### INSTRUCTIONS TO FOLLOW
What is needed is every line from the one holding "Colonne de direction" to the last line of the data below, printed exactly and without pictures.

BEGIN INPUT MATERIAL

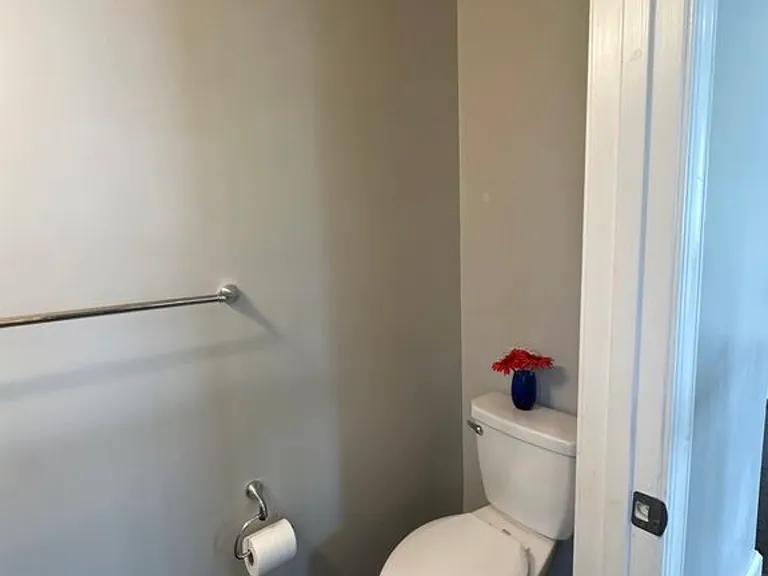 7154 Beaumont Pl — Photo 9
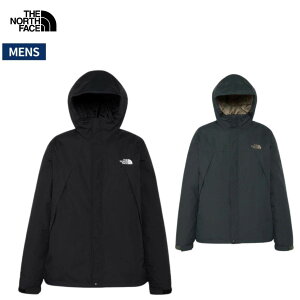 yK戵XzUEm[XEtFCX THE NORTH FACE Scoop Jacket XN[vWPbg Y ubN O[ JWA EFA AE^[ oR gbLO XL[ h NP62554 K AK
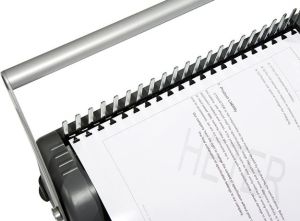 Genie CB850 (12440) 5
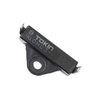 Temperature Sensors - Temperature Sensors - Thermostats - Mechanical - OHD3-80B - 1232912-OHD3-80B - Win Source Electronics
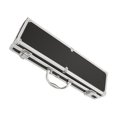 thumbnail image 4 of Maytalsory Boîte de Rangement pour Micro Étui Rigide Boîte à Instruments Étui de Transport Coque Rigide Noir m, 4 of 6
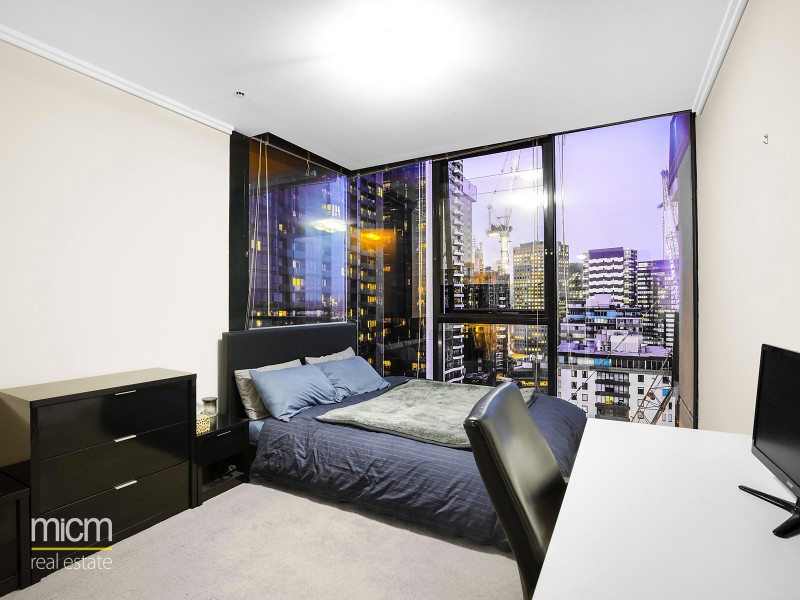 233/88 Kavanagh Street, Southbank VIC 3006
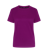 MAGENTA PURPLE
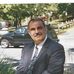 Tom Kiker - Facebook
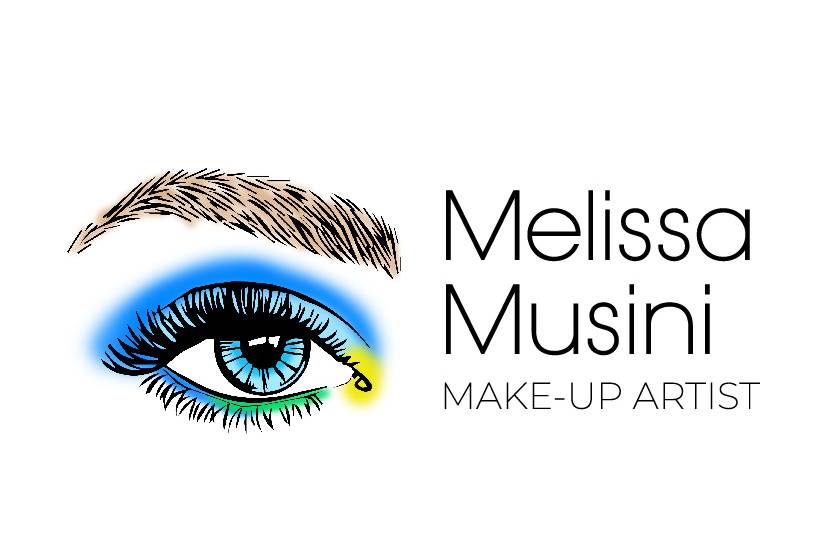 Melissa Musini Mua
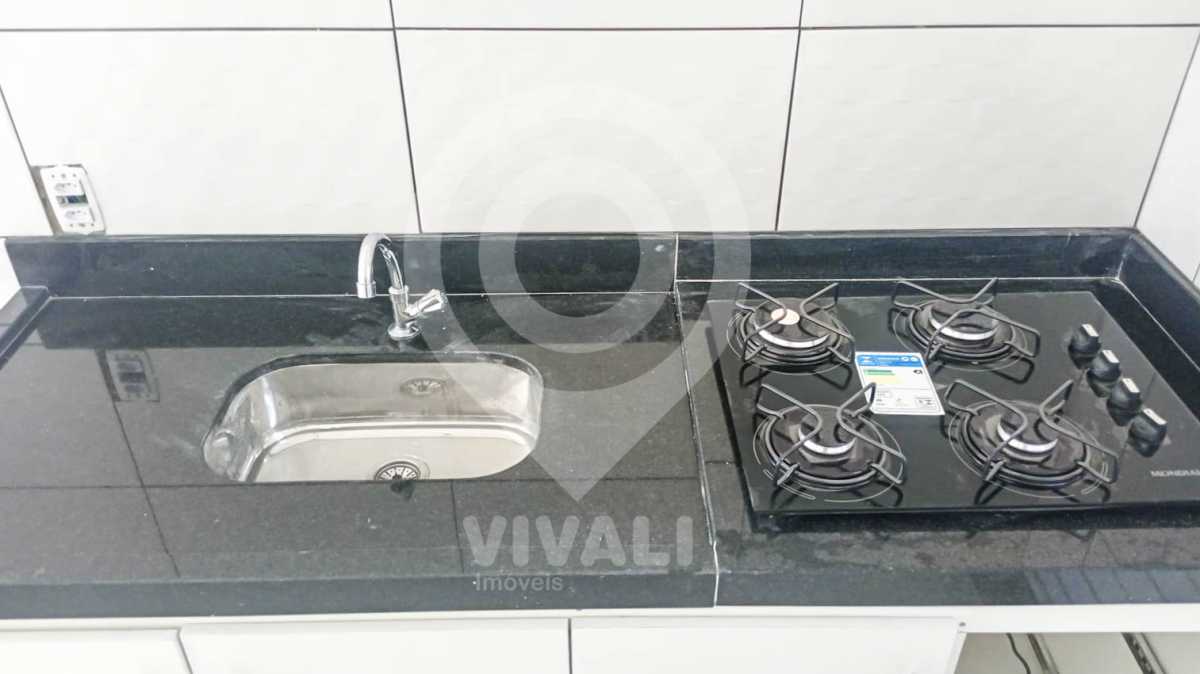 WhatsApp Image 2023-06-24 at 1 - 8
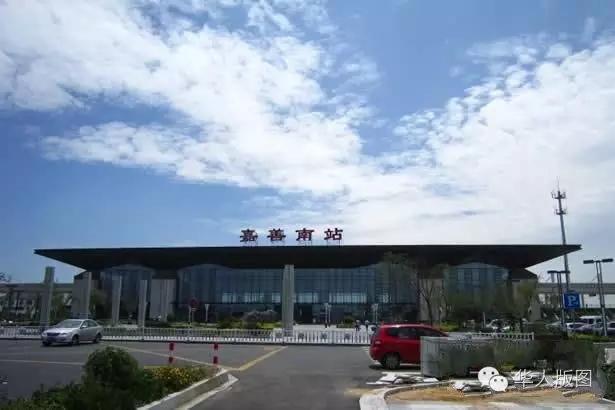 摩根娱乐 08828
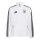 adidas Deutschland Heim Trainingsjacke Herren - white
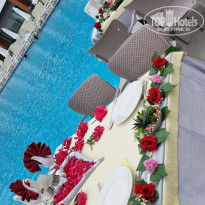 фото из отзыва ID 2694964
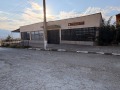 Под наем МАГАЗИН, област София, с. Горна Василица • по договаряне • 65806376 3 — Holmes.bg Под наем МАГАЗИН, област София, с. Горна Василица • по договаряне • 65806376 3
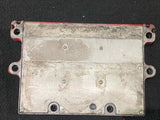 Cummins ISM OEM Diesel Engine Control Module 3408501 3681405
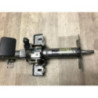 Colonne de direction SUZUKI SWIFT 3 d’occasion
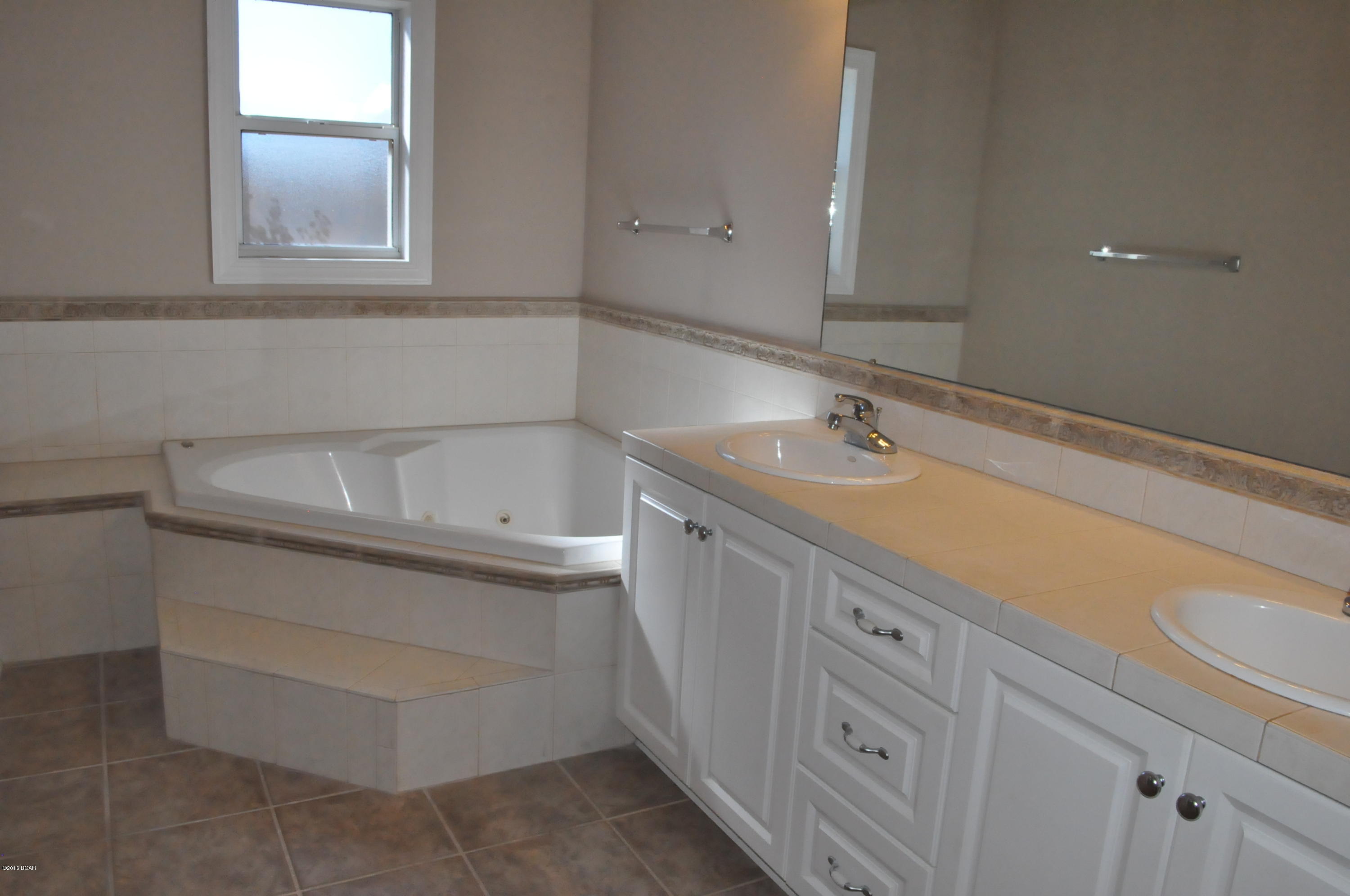 Summerwood Phase I - Residential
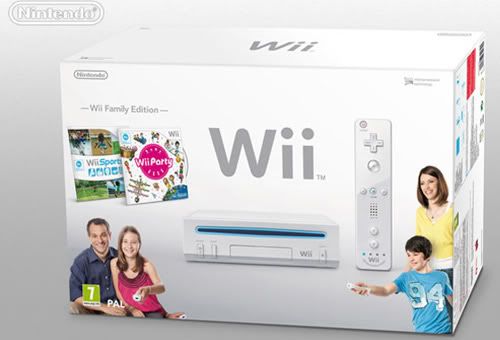 Wii.jpg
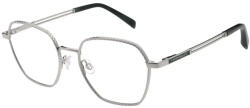 Karen Millen 3055-800 Rama ochelari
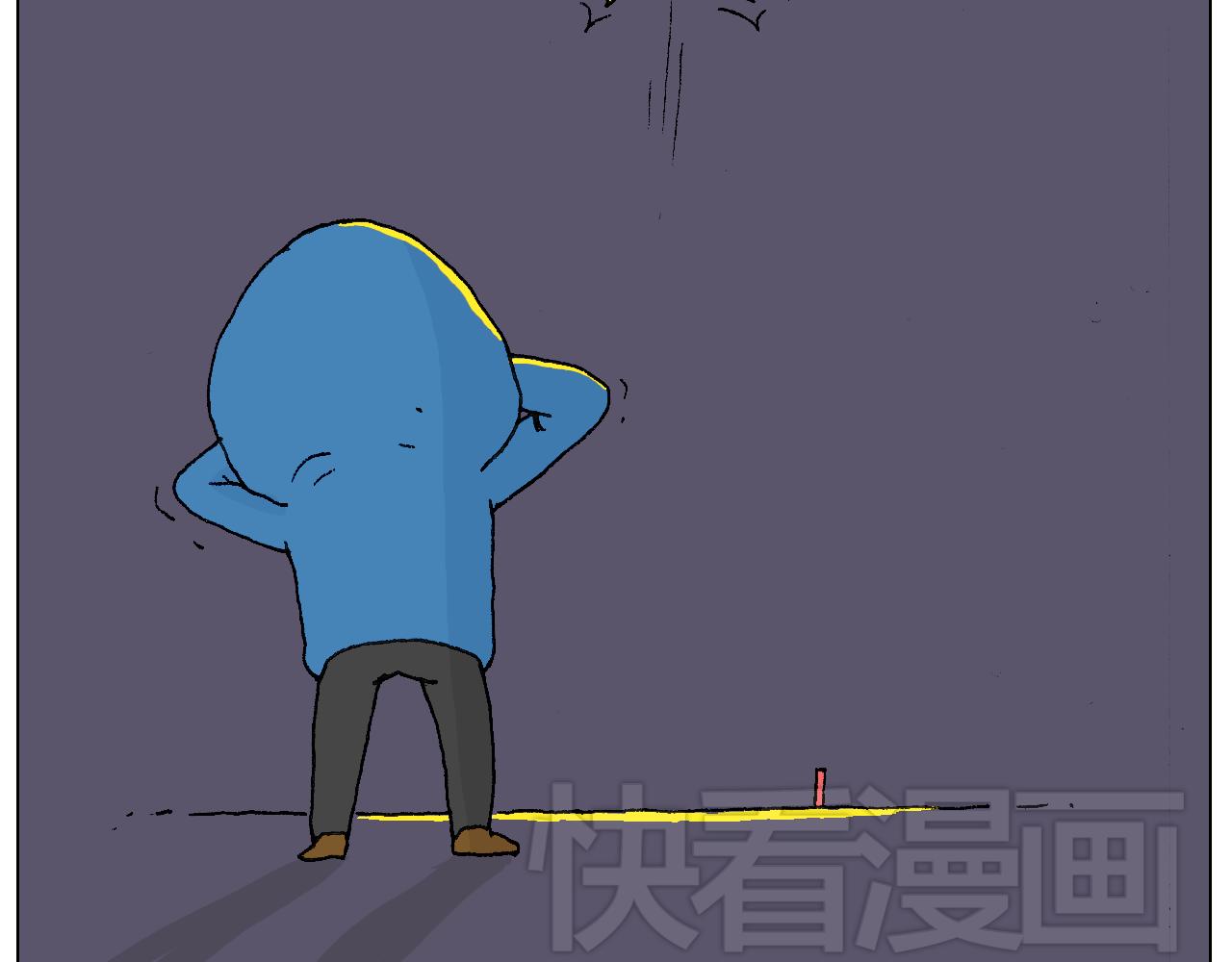 两个人的烟火29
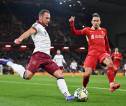 West Ham United vs Liverpool: Kondisi Tim Jelang Laga Premier League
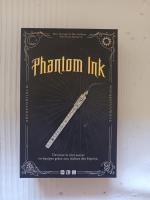 Boîte de Phantom Ink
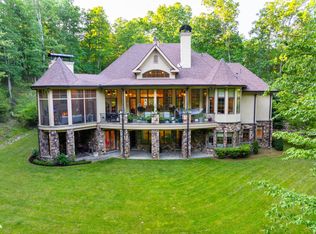 714 Beechwood Rd, Caldwell, WV 24925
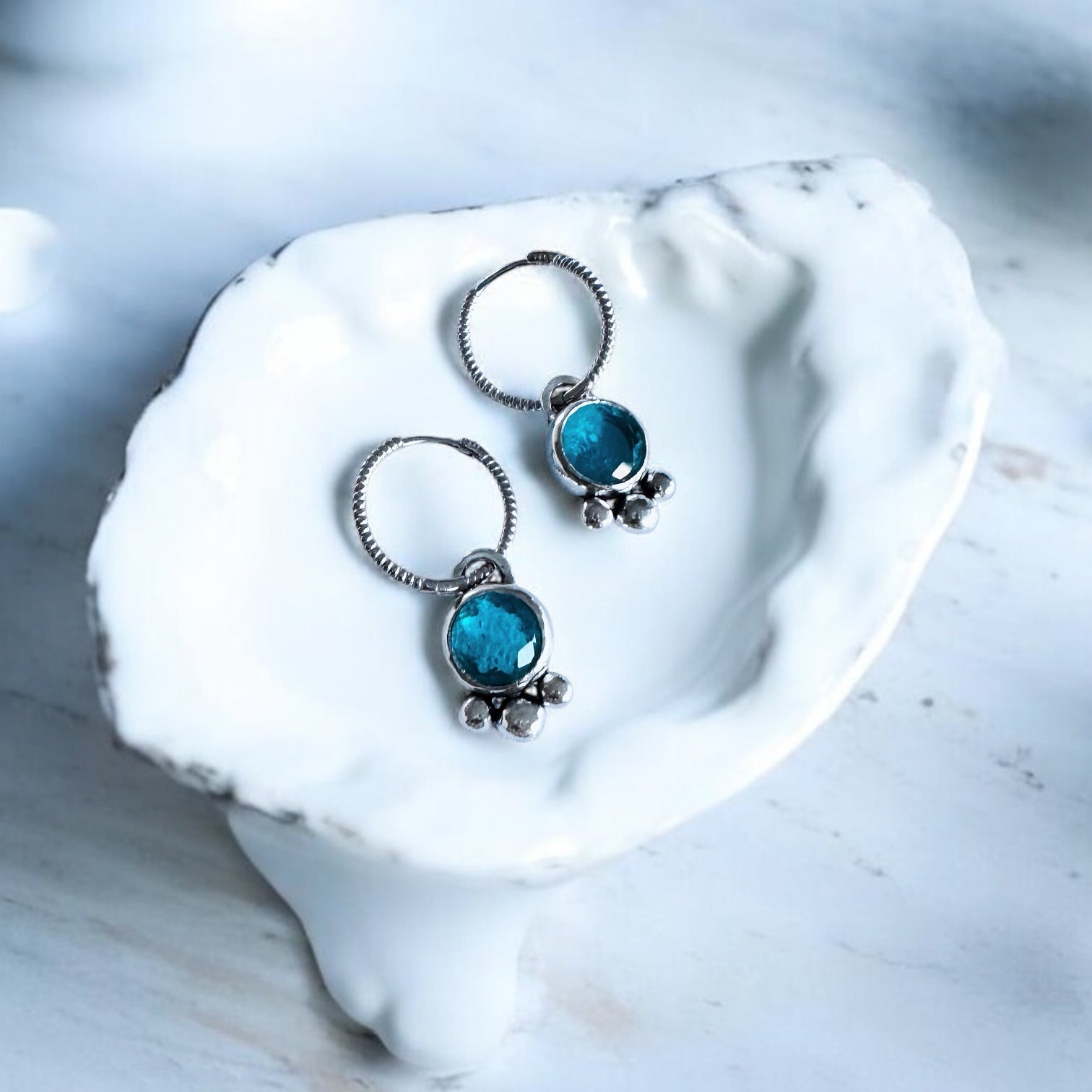 Aros Delfina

END INPUT MATERIAL

### OUTPUT
 Colonne de direction SUZUKI SWIFT 3 d’occasion
 Summerwood Phase I - Residential
 Wii.jpg
 Karen Millen 3055-800 Rama ochelari
 两个人的烟火29
 West Ham United vs Liverpool: Kondisi Tim Jelang Laga Premier League
 Boîte de Phantom Ink
 714 Beechwood Rd, Caldwell, WV 24925
 Aros Delfina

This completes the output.